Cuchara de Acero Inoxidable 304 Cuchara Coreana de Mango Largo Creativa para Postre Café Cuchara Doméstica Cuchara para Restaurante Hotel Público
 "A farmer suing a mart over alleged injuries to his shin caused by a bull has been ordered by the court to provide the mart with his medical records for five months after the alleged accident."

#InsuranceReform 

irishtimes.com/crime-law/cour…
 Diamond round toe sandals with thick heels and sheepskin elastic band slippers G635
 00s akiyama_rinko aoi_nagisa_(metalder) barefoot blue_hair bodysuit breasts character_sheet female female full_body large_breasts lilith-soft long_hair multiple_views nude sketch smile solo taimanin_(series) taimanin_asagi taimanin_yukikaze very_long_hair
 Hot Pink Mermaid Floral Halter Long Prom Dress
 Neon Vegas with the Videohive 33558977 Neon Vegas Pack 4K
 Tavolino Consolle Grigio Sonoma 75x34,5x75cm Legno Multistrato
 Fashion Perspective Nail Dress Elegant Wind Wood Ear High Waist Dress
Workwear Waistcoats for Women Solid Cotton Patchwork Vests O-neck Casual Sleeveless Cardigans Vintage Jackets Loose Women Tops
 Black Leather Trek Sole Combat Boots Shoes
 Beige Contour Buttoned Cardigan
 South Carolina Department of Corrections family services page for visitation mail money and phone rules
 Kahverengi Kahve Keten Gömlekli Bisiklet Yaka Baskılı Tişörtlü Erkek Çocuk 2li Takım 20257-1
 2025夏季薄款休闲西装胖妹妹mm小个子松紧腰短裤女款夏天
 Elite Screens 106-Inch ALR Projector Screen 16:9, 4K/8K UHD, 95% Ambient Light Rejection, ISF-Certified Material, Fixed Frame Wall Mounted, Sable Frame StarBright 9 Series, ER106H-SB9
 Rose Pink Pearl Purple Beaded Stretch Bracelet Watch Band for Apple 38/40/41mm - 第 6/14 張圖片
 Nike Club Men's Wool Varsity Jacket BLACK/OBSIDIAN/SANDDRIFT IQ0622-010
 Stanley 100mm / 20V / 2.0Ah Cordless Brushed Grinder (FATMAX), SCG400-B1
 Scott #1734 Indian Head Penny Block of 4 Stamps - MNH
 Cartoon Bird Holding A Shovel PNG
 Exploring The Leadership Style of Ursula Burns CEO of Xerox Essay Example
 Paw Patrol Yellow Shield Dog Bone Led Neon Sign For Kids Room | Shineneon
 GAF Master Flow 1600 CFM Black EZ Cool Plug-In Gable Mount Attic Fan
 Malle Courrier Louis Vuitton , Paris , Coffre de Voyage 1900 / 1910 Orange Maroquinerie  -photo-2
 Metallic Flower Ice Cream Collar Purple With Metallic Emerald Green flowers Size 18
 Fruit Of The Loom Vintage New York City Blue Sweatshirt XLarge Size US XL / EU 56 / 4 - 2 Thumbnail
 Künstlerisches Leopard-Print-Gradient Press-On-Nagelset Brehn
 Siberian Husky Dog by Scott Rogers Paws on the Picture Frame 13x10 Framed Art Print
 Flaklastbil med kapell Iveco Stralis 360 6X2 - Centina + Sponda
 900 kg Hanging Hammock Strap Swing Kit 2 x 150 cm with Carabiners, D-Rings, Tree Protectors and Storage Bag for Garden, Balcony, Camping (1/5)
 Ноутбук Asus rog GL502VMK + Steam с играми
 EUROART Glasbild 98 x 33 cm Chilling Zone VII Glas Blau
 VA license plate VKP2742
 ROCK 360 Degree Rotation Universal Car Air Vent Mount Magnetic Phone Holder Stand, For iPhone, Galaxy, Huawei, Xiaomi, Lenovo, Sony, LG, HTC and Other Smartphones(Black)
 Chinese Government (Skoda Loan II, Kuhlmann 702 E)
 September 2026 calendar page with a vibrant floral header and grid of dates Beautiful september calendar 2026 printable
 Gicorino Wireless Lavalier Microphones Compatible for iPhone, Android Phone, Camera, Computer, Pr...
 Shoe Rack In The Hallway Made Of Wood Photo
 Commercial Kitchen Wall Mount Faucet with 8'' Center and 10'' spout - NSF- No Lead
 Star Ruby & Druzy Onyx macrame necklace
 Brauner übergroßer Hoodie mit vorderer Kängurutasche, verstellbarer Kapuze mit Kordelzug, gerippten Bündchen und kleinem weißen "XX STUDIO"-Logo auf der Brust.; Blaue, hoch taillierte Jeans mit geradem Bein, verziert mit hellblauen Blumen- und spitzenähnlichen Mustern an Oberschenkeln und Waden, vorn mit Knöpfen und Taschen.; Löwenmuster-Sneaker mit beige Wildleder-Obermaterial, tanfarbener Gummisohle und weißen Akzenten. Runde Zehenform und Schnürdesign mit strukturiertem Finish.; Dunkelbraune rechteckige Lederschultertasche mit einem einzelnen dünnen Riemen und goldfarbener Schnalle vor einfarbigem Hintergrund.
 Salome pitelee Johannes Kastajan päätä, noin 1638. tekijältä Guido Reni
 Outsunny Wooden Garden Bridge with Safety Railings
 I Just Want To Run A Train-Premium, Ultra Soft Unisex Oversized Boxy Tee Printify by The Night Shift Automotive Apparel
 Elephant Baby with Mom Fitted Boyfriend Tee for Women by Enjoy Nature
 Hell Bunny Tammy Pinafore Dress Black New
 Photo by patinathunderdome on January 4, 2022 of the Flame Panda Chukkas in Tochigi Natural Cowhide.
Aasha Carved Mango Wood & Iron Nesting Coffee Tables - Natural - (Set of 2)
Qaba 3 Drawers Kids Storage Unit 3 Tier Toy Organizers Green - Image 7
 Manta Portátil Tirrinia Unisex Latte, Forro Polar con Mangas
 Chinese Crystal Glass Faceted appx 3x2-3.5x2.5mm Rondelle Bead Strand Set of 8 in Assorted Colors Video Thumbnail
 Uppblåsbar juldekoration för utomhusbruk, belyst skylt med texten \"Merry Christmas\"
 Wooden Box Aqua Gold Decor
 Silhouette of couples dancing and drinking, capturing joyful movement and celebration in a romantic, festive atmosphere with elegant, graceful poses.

-- -- --

Directions. In the records above, locate each line with the word "Purple". Copy all such lines.

Task response.
 Rose Pink Pearl Purple Beaded Stretch Bracelet Watch Band for Apple 38/40/41mm - 第 6/14 張圖片
 Metallic Flower Ice Cream Collar Purple With Metallic Emerald Green flowers Size 18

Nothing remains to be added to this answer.